Aradan geçen süre zarfında olan bitene dair sadece birkaç
örnek... Bugün Vietnam, ABD’nin öncüsü olduğu küresel kapitalizmin hiç de
küçümsenmeyecek bir aktörü olarak Güneydoğu Asya topraklarında kayda değer
gelişmekte olan bir ülkedir. Japonya örneği… Yeniden bir Japon dirilişi miti
kadar, ardında kayda değer bir ABD desteği/öğretisi ve dersi bulunmaktadır.
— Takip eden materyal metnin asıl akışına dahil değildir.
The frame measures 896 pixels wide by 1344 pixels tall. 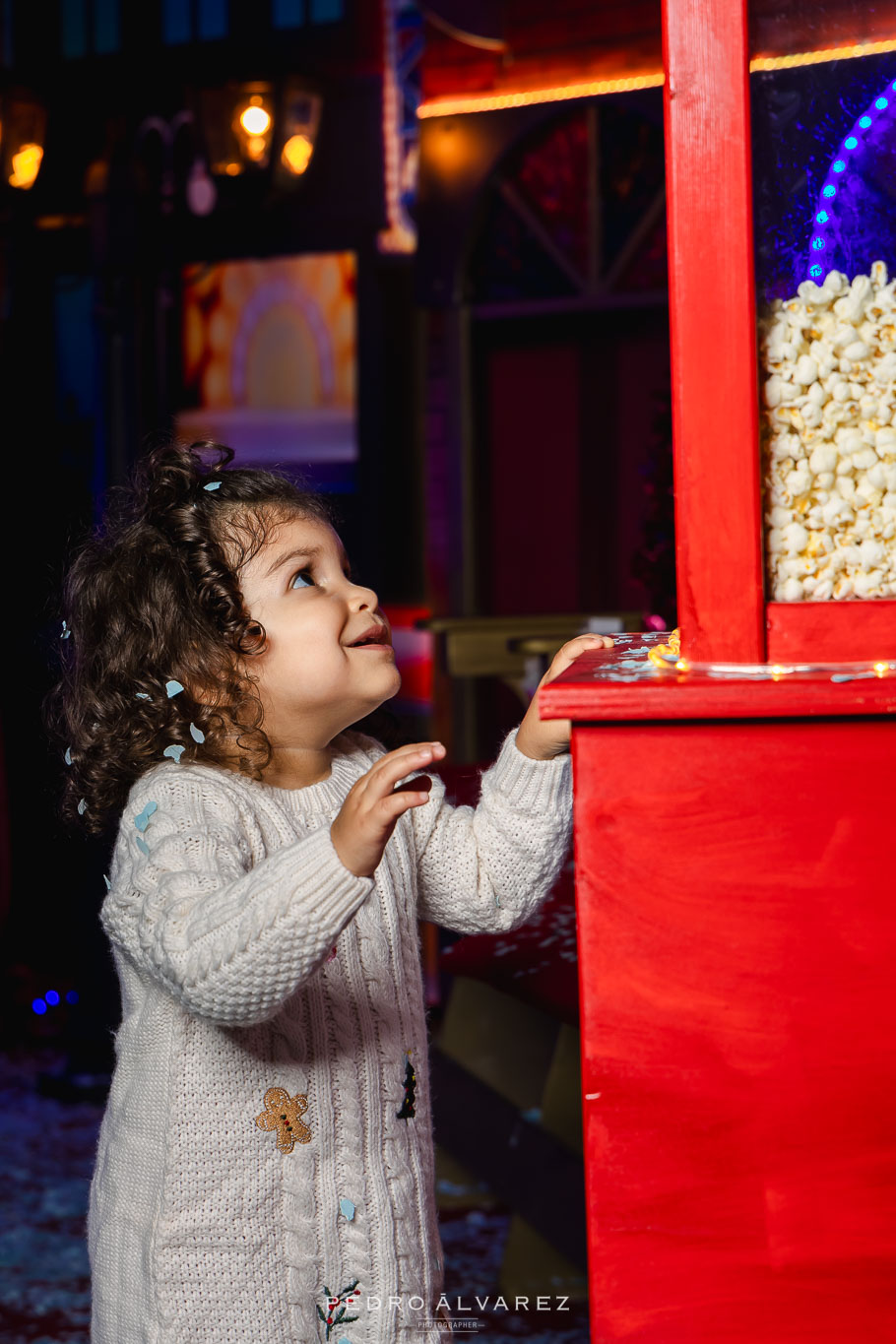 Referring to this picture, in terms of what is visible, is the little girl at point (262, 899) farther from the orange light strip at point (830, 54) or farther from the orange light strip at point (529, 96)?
the orange light strip at point (529, 96)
Ya da Arap coğrafyası ya da Türkiye gibi ülkelerde ABD
reddiyesine rağmen, ABD hayranlığını yaşam tarzlarıyla, tüketim
alışkanlıklarıyla, dünya görüşleri ve eğilimleriyle ve tüm bunları bile isteye
kasıtlı bir şekilde edinen/içselleştiren kitlelerin varlığı, ABD siyasal ve
ekonomik aklından bağımsız gelişmeler olarak değerlendirilemeyecek sosyolojik
gerçekliklerdir.
Taliban’ın sorumluluğu
Afganistan’da olana yönelik insani, Müslüman olmaklığın getirdiği
bir sorumlulukla İslami bağlamda yaklaşmak mümkün. Bununla birlikte, kendini
diğer Müslüman gruplara toplumlara açma sorumluluğunun kriterleri nelerdir diye
sorulduğunda Taliban yönetiminin verebileceği cevapları ortaya koyması
beklenir.
Daha önceki yazılarımızın birinde de dile getirdiğimiz
üzere, biraz da şaşırtıcı bir şekilde, Aydınlanmacı hümanist söylemi (discourse)
öne çıkartarak, Batı’yı ve/ya ABD’yi temsilcisi olduklarını iddia ettikleri
Afgan halkına yardıma zorlamak gibi bir bağlama karşılık, geniş Müslüman
toplumların her alanda temsilcileriyle biraraya gelme yönünde bir daveti bir
inisiyatifi ortaya koyabilme becerisi ve cesaretini gösterebilmeliler.
Sadece günümüz dünyasında değil, tarihin önceki
dönemlerinde de hiçbir devletin, siyasi gücün kendini güvenlikte
hissedemeyeceği bir coğrafyaya, bir topluma ne askeri, ne ekonomik, ne de
insani açıdan yaklaşmayı tercih edebileceğini düşünmek mümkündür.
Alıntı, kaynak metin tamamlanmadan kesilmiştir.